[Short descriptive text snippets]
+---+

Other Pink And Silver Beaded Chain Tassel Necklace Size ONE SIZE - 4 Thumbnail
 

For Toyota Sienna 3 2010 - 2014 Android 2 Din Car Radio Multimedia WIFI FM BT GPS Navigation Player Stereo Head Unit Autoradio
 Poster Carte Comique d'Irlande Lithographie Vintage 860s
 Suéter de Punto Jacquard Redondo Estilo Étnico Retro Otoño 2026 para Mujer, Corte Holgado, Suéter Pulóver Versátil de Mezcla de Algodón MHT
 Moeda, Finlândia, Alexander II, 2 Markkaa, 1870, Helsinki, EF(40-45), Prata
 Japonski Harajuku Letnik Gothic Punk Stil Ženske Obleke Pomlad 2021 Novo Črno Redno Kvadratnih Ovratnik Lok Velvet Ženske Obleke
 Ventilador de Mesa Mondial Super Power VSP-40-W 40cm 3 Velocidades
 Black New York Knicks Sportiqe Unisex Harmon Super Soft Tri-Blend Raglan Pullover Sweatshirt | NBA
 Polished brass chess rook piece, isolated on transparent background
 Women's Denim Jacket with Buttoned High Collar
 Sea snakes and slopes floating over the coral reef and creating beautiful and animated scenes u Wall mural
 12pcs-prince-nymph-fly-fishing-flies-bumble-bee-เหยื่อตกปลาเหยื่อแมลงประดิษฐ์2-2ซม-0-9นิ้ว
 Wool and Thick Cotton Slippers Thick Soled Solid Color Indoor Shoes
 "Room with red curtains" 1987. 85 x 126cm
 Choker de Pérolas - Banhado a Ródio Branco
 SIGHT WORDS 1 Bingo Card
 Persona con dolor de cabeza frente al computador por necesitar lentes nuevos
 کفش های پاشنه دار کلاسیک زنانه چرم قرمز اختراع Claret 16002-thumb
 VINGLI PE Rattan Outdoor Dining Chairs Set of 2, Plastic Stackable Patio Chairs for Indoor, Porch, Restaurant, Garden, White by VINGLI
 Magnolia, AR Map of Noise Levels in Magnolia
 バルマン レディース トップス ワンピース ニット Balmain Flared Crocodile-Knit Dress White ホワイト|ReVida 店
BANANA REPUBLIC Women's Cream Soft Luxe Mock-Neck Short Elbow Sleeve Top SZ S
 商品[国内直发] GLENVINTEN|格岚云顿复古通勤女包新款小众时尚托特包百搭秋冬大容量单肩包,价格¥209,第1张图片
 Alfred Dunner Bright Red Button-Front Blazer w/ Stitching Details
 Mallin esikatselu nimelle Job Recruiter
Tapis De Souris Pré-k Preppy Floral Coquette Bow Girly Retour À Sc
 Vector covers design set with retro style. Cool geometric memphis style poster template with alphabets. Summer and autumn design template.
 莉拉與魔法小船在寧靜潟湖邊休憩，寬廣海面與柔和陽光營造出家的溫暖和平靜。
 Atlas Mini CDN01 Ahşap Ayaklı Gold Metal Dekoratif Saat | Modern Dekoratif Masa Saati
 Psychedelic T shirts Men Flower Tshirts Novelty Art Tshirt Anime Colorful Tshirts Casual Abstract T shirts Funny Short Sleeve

+---+

TASK DETAILS: Working through the records, find each line containing the word "Sleeve" and copy it.

TASK SOLUTION:
BANANA REPUBLIC Women's Cream Soft Luxe Mock-Neck Short Elbow Sleeve Top SZ S
 Psychedelic T shirts Men Flower Tshirts Novelty Art Tshirt Anime Colorful Tshirts Casual Abstract T shirts Funny Short Sleeve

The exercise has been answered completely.